Volunteers who have read local stories to the blind for three decades say they are “desperate” to reach more people cut off from the news.

Every week, the Radlett, Elstree, Borehamwood and Shenley Talking Newspaper team records and sends out 60 cassette tapes of news and features to blind or partially sighted people.

This week the group’s chairman, David Clout, said there were many people in the area he wished knew about the service.

He said: “We are desperate for more listeners. There must be more people out there who are blind or partially sighted and have no access to the local news.

“We are urging sighted people to tell anyone they know who has problems reading their local newspaper about us.”

Stories ranging from elections and school events to thefts and sacred cows, taken from newspapers including the Watford Observer, are printed out every week by a team of editors and recorded onto the tapes by 56 readers and engineers in the Radlett Village Institute.

Master tapes are run through a high speed tape recorder, copies are sent out in yellow envelopes and households throughout the country receive 60 minutes of local news and features for free.

Mr Clout said: “We concentrate on local stories as that is something people will not be able to get from the radio. Occasionally there is not enough local news to fill the tape so we put in some national stories but people tend to complain when we do that. “Everyone wants to know what is going on, whether it’s a fire in Radlett or a murder.”

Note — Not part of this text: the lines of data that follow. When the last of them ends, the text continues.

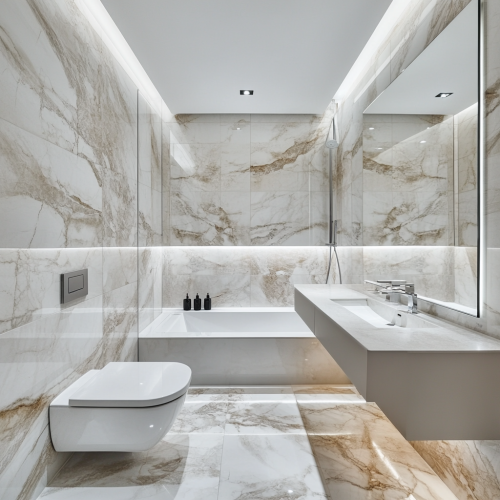Luxurious marble bathroom with no amenities, empty space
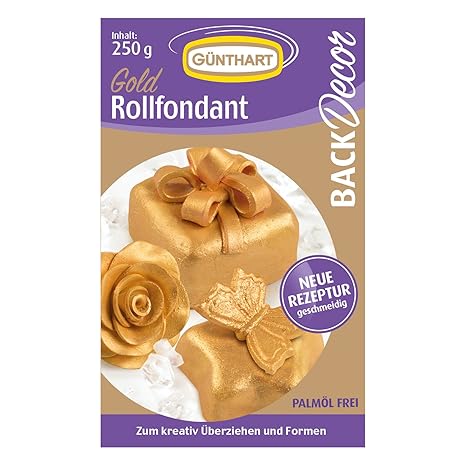 Günthart BackDecor Fondant 250g | Fondant GOLD und mit Goldpuder als Icing Tortendecke | Modelliermasse | OHNE Palmöl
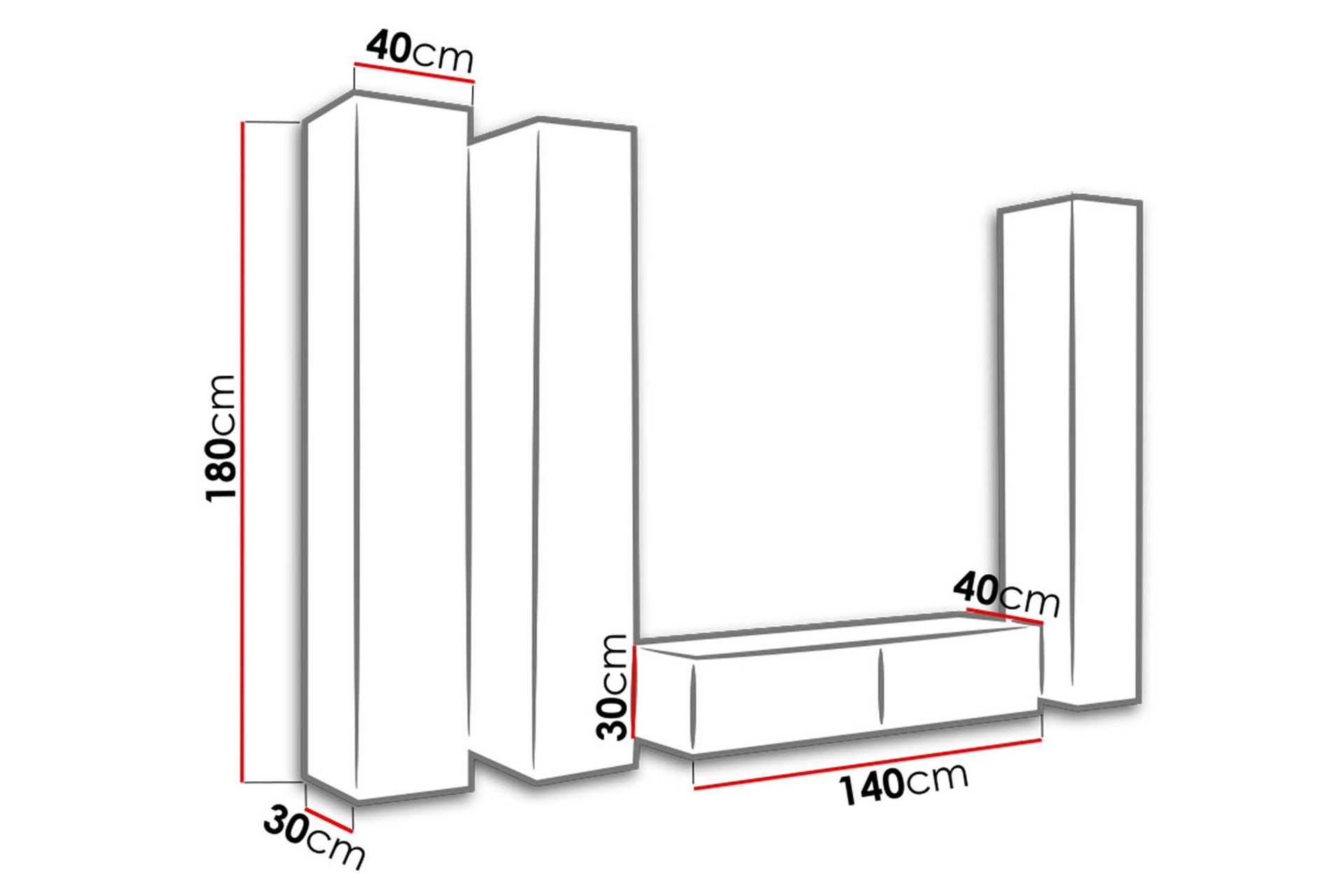 Vigo TV-møbelsett 260x40x180 cm - Svart / Grå / Hvit - Møbler - Mediamøbel & tv møbel - TV-møbelsett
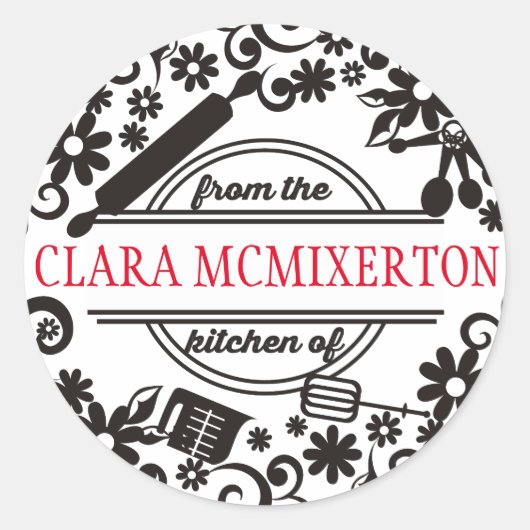 ベーキング料理器具のキッチンから花 ラウンドシール (正面)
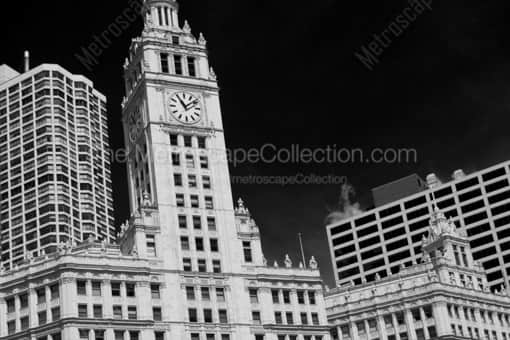 The Facade of the Wrigley Building -- Chicago Black and White Photography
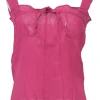Pink sheer cotton pullover square neck fixed strap tank with tied-ribbon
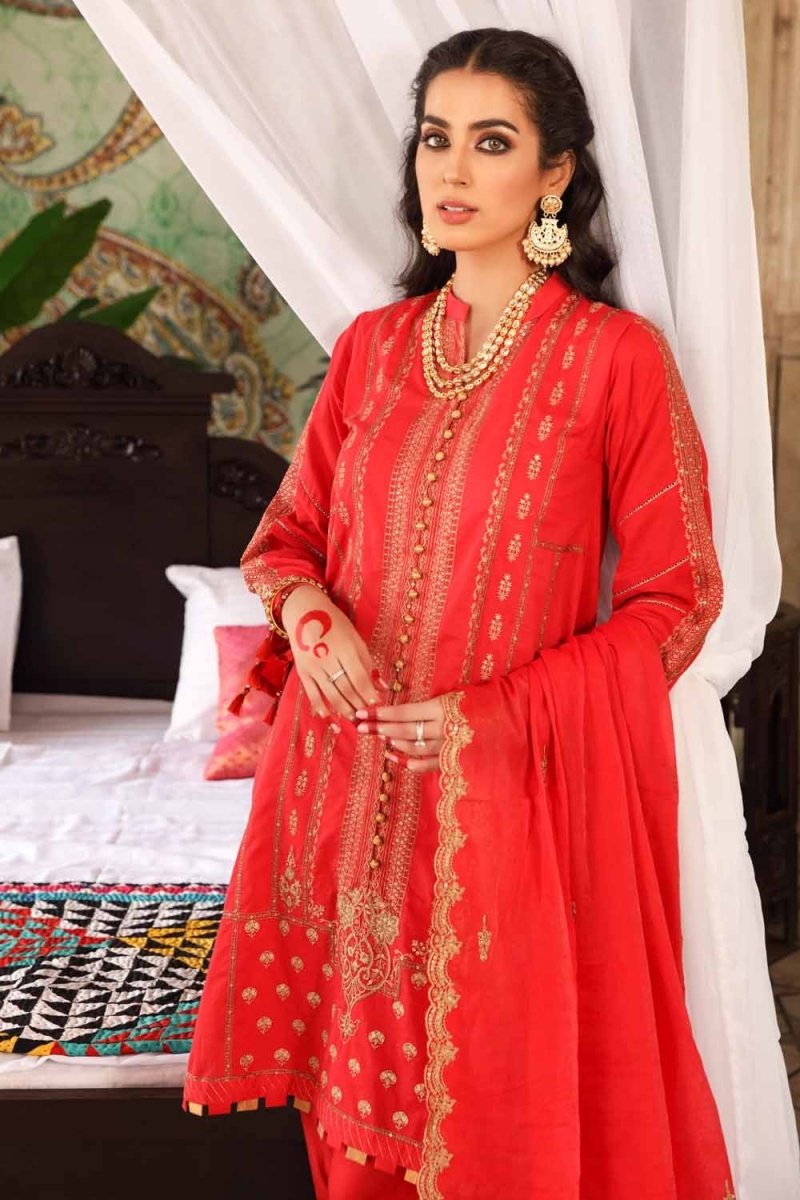 Gul Ahmed 3 PC Unstitched Embroidered Lawn Suit with Cotton Dupatta FE-12258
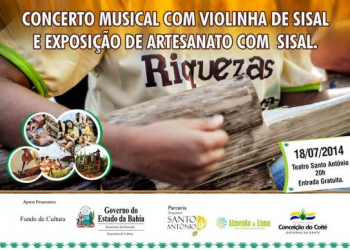 Teatro Santo Antônio recebe nesta sexta concerto de violinha de sisal e Exposições de Artesanato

He added: “If someone has moved away from the area we still send out the tapes to them. At one point we were sending a tape all the way to Scotland and we have one person in Portsmouth. That way the local news makes it all over the country.”

After sending out around 1,500 weeks of tapes, the Talking Newspaper is hoping to move into the future and change the format the news is sent in.

Mr Clout said: “At the moment we’re stuck in the past with tapes. We were going to move to CDs but now have been told they’re old hat so we are going to use memory sticks.”